Concerning the parser (also in conjunction with LWJGL and C++ support in general) and the generator: I had a short look at the generator code of JavaCPP, but in fact, the Parser is far more interesting (and I hadn’t looked at this yet - just quickly scrolled over it now). As already mentioned, C++ is a beast - and so is the parser :wink: When I started „generalizing“ my code generation approaches, I did not even dare to tackle this manually. I considered using something like ANTLR and feed it with the C++ grammar, but back then, this was not trivial either. (Today, with ANTLR4, it might actually be a feasible approach). But I thought: Hey, people already did that (and these guys definitely know their stuff and the pitfalls of C++ better than me). So I just ripped the relevant libraries out of https://eclipse.org/cdt/ . It works pretty well, but is still inconvenient to work with (because of the plain complexity of C++). So I’m currently just using these libraries for parsing an AST out of the C/C++ header files, and translating this AST into a very simple Code model. It’s just powerful enough to handle C headers, and does not really support any C++ features, but at least I don’t have to do any manual parsing and still have the complete C++ AST available - so I could extract more information from the AST, if necessary. „Most“ libraries that one might to call from Java (at least, the ones I have been working with) offer a C interface, however: You can’t even pass a std::string from one DLL to another, anyhow (which is … odd, to say the least…)

Regarding the installable client drivers: I’m not sure whether or how this could influence JavaCPP - I haven’t looked at enough details here, and have to admit that I don’t have a profound background of all the technical details on the native side. But one of the issues I encountered was the binding of methods. In JOCL, the native methods themself are basically implemented as usual. But the actual OpenCL library methods are not called directly. Instead, they are called via function pointers that are obtained at runtime.
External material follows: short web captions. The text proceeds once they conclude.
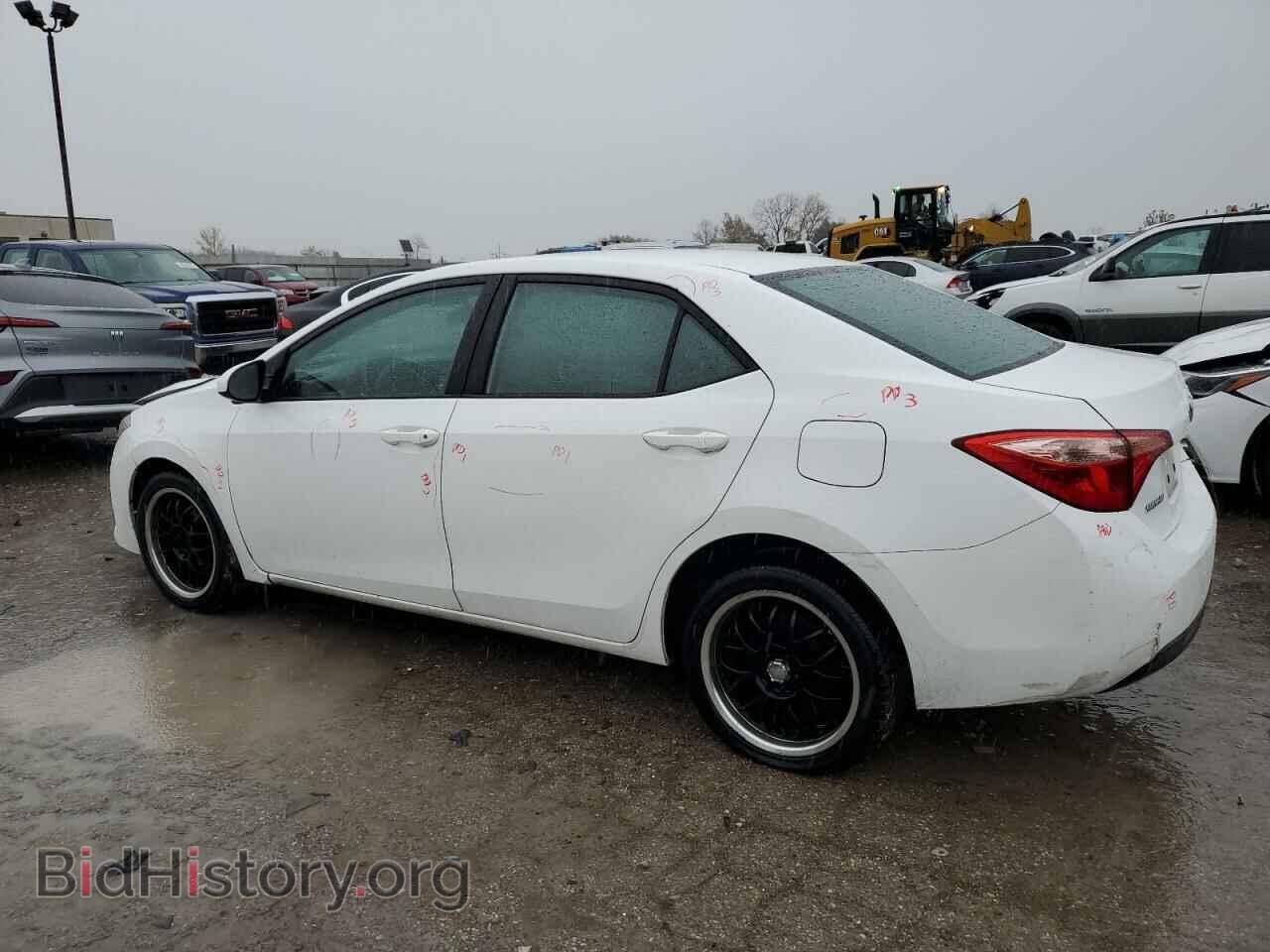 2017 TOYOTA COROLLA - VIN: 2T1BURHE6HC868586 - Фото 2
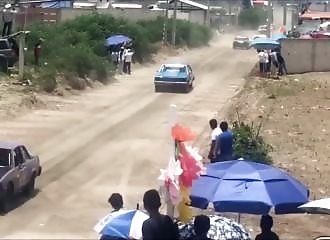 Mexique : deux morts lors d’une course de voitures
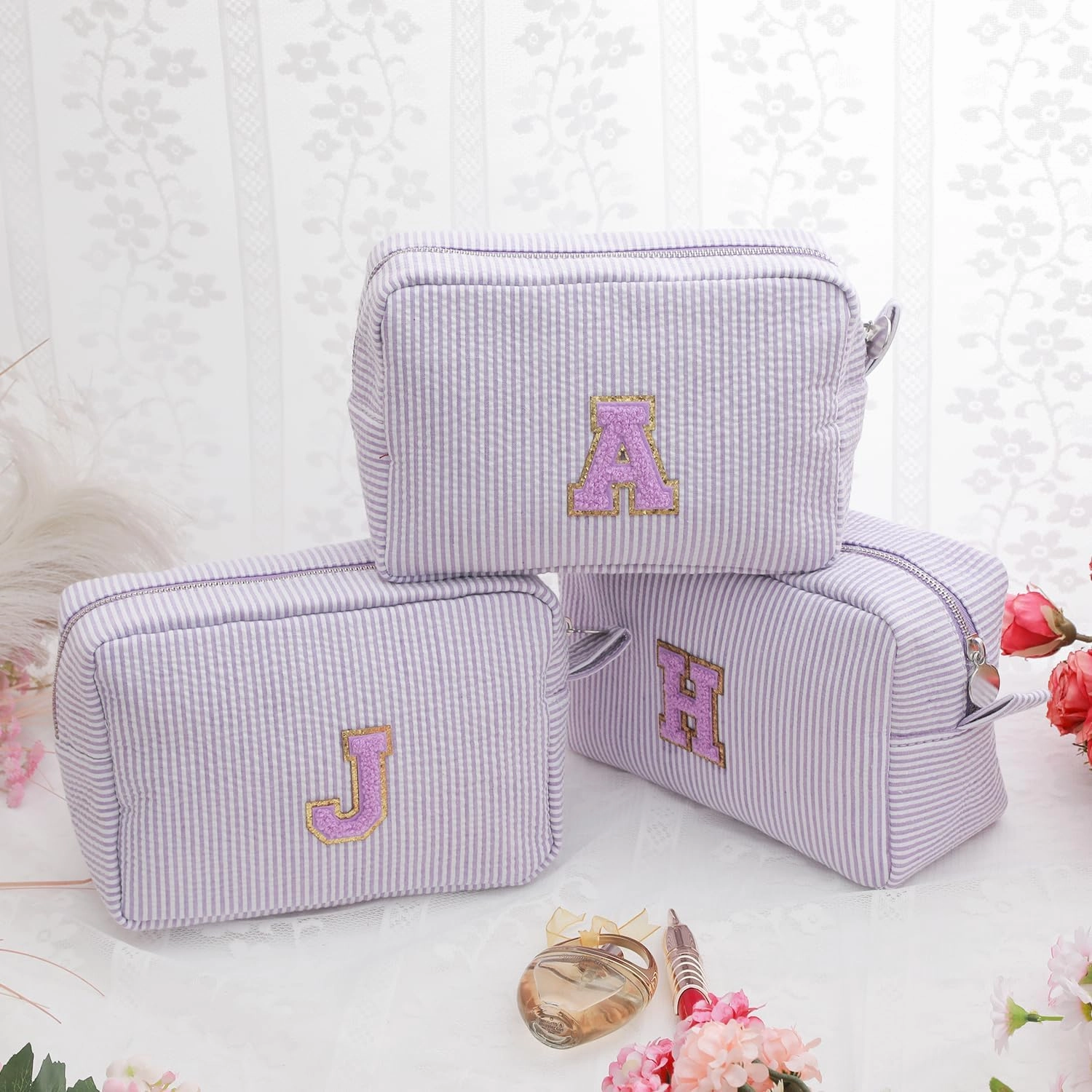 Initial Cosmetic Bag Monogrammed Makeup Pouch Toiletry Bag with Zipper Makeup Organizer Cosmetic Pouch (E, Purple Striped/Purple Letter)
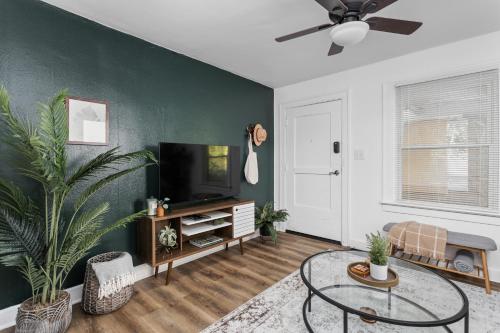 Comfy Indy Home NearButler-PetsOK-ConventionCTR10m near Crown Hill Temető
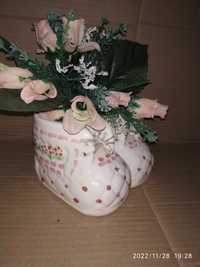 wazon w kształcie bucików niemowlęcych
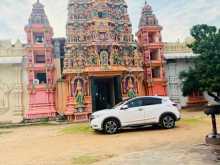 https://riyasewana.com/uploads/honda-vezel-6819364293.jpg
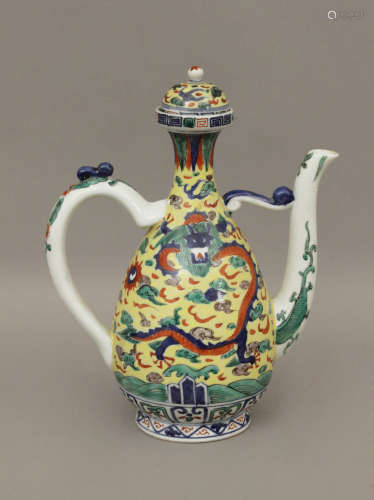 Early 20th century Chinese Qing teapot in blue and white porcelain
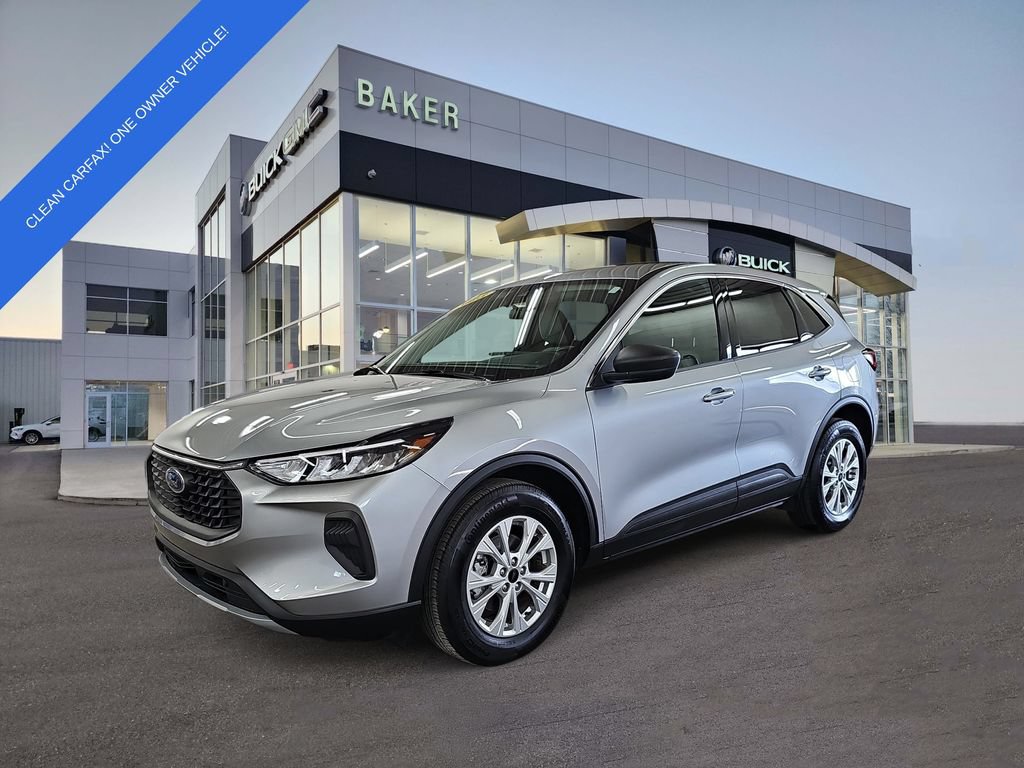 Used 2023 Ford Escape Active w/ Tech Pack #1 AWD/4WD image 1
For example, the clCreateContext function would usually be JNI’ed like this:

JNIEXPORT jobject JNICALL Java_org_jocl_CL_clCreateContextNative
  (JNIEnv *env, jclass UNUSED(cls), jobject properties, jint num_devices, jobjectArray devices, jobject pfn_notify, jobject user_data, jintArray errcode_ret)
{
    ...
    // Directly call the clCreateContext function:
    nativeContext = clCreateContext(nativeProperties, nativeNum_devices, nativeDevices, nativePfn_notify, nativeUser_data, &nativeErrcode_ret);
    ...
}    

But instead, a function pointer for this function is defined:

typedef CL_API_ENTRY cl_context 
    (CL_API_CALL *clCreateContextFunctionPointerType)(
        const cl_context_properties *, cl_uint, const cl_device_id *,
        void (CL_CALLBACK *)(const char *, const void *, size_t, void *),
        void *, cl_int *) CL_API_SUFFIX__VERSION_1_0;

and a global pointer to this function is stored

clCreateContextFunctionPointerType clCreateContextFP = NULL;

which is then dedicatedly initialized (in a platform dependent way - e.g using GetProcAddress(libraryHandle, name); on Windows) and used in the JNI implementation:

JNIEXPORT jobject JNICALL Java_org_jocl_CL_clCreateContextNative
  (JNIEnv *env, jclass UNUSED(cls), jobject properties, jint num_devices, jobjectArray devices, jobject pfn_notify, jobject user_data, jintArray errcode_ret)
{
    ...
    if (clCreateContextFP == NULL)
    {
         // throw...
    }
    ....
    nativeContext = (clCreateContextFP)(nativeProperties, nativeNum_devices, nativeDevices, nativePfn_notify, nativeUser_data, &nativeErrcode_ret);

The reason for these contortions is that, as far as I understood, you never know which functions are actually available in the „installed client“. Directly trying to link against these libraries (by refering to the „OpenCL.lib“) may end up with linker errors for undefined references (in this case, one of these function pointers would simply be null, which can be checked at runtime).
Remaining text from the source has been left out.